SS: I think definitely closing my freshman year at (San Diego) State I was with this fastball and this breaking ball here, so that's my pitch. I'm really confident throwing that any time in the count; my change-up's been really good ever since I (started) playing pro ball with these smaller seams, it's just gotten a lot better. And then I've definitely been throwing my sinker a lot, too. That's kind of an easy ground-ball out right there.
SO WE HEAR ABOUT ALL THESE TEAMS, MANAGERS AND COACHES ALWAYS TRYING TO GET OUR PITCHERS TO QUICKEN UP IN THE STRETCH TO CONTROL THE RUNNING GAME, SO TO SPEAK. WELL, THE NATIONALS SEE YOU AS BEING SO QUICK TO HOME PLATE THAT THEY FEEL LIKE MAYBE IT'S TAKEN AWAY FROM SOME OF YOUR STUFF, SO THEY'VE ACTUALLY TRIED TO SLOW YOU DOWN, IS THAT RIGHT?
SS: Yeah, you know, I mean, in college, I was always you know, just a straight slide-step every time, you know, I didn't really lose velo(city); all my stuff was still there, and virtually eliminated the running game. But you know, I was right around a second with that, and they wanted me to be more around a 1.3, so they had me starting out with more of a load on my back side, kinda loading right here and getting going, it helps me keep the angle on my fastball a lot better.
DOES THAT MEAN YOU'RE LETTING GUYS GET TO FIRST BASE SO YOU CAN WORK ON IT?
SS (amid chuckles): It happens, yeah, it's part of the game.
SO YOU WALK A GUY AND YOU'RE LIKE 'OK, COACH, DON'T WORRY ABOUT IT, JUST WORKING ON MY MOVE'?
SS: well no, I mean, it's definitely part of the game, you know, it's good to, you know, when a guy gets on first, you know, it's like, 'Next pitch, here we go, ground-ball double play,' And also part of the game, you really have to vary your times and everything, and that's something that they also want me to work on, you know, really controlling the running game.
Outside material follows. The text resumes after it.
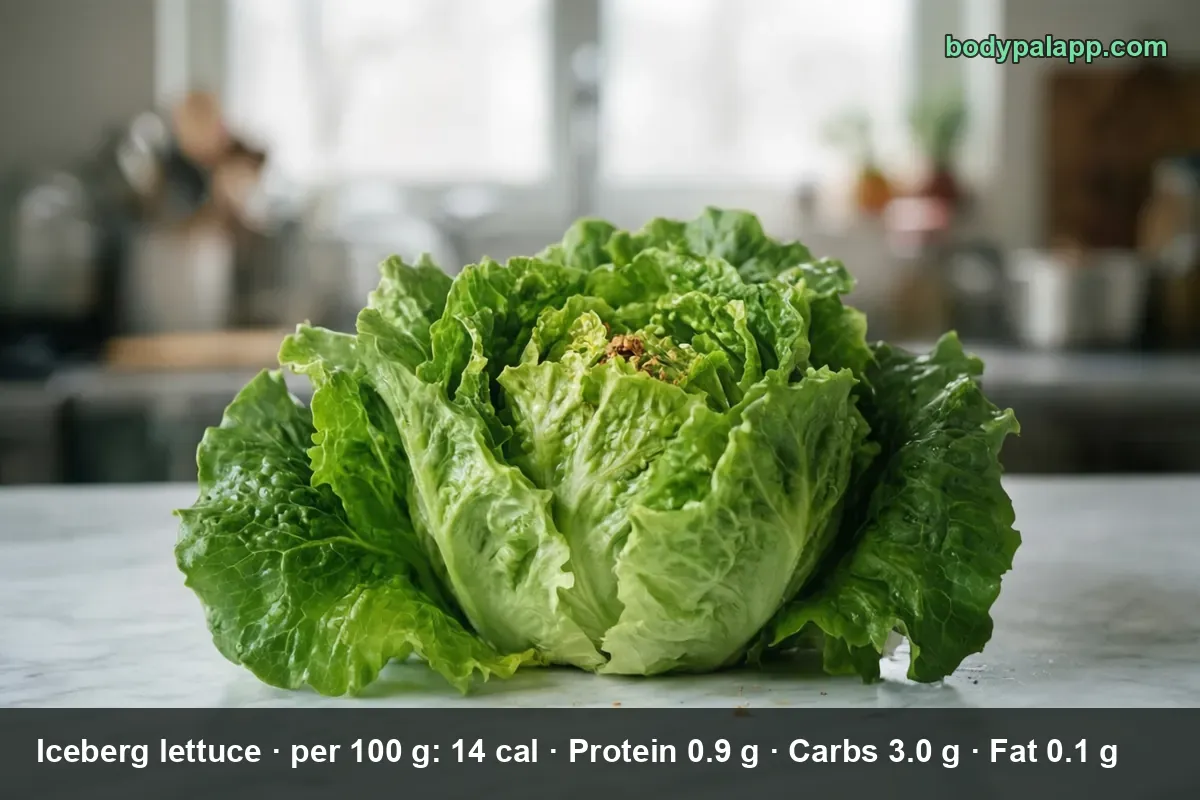 Whole head of lettuce with loose, dark green ruffled leaves and crumbs in the center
ARE YOU COMFORTABLE WITH IT? IS IT COMING ALONG FOR YOU?
SS: Oh absolutely, you know, I think it's really more important now because you've got guys with lightning speed out there, and guys on the base paths are a lot smarter . . . they're gonna pick up the little things and . . . be off running on the next pitch, so it's really important to kind of help your catcher out with being quick to the plate and give him the chance to throw out some guys.
WHO ON THE NATIONALS AT SPRING (TRAINING) DID YOU GET TIGHT WITH?
SS: Definitely John Lannan, Garrett Mock, there's a bunch of pitchers up there . . . they were great, they really made my Spring Training experience a blast. I learned a lot from them, especially theguys out here, Randy Tomlin, Randy Knorr, the coaches here in Harrisburg, they've been great, too.
SO YOU'RE TELLING ME YOU CAN THROW HARDER NOW WITH THAT DELIVERY?
SS: You know, the velo(city) is pretty much the same, there's really no difference from the wind-up to from the stretch, but you know, I'm angle to keep that angle to stay in the bottom half of the zone.